__WHAT IS BEING ASKED__
Transcribe only the part of the material below that begins at the line containing "Woopie Bluetooth lempa" and ends at the line containing "Snuff - Off", with both kept and images left out.

GIVEN ENTRIES: Begin

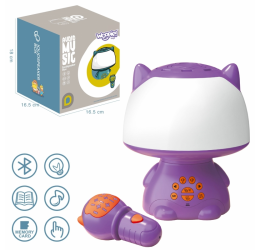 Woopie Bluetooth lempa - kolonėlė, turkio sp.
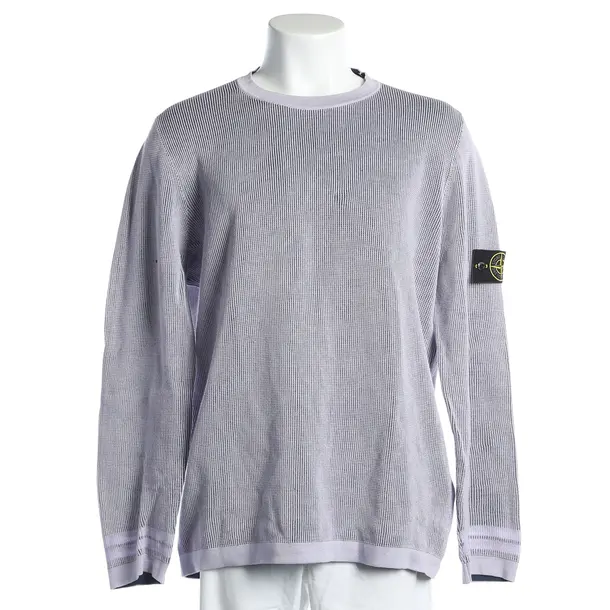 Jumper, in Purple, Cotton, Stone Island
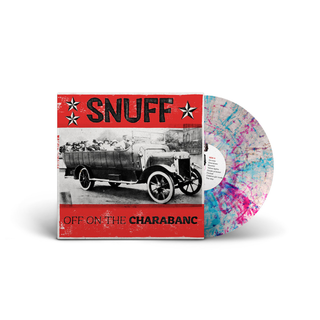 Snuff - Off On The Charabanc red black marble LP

GIVEN ENTRIES: End
GIVEN ENTRIES: Begin

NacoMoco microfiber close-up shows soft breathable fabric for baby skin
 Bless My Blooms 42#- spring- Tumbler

GIVEN ENTRIES: End

__ANSWER BELOW__
 Woopie Bluetooth lempa - kolonėlė, turkio sp.
 Jumper, in Purple, Cotton, Stone Island
 Snuff - Off On The Charabanc red black marble LP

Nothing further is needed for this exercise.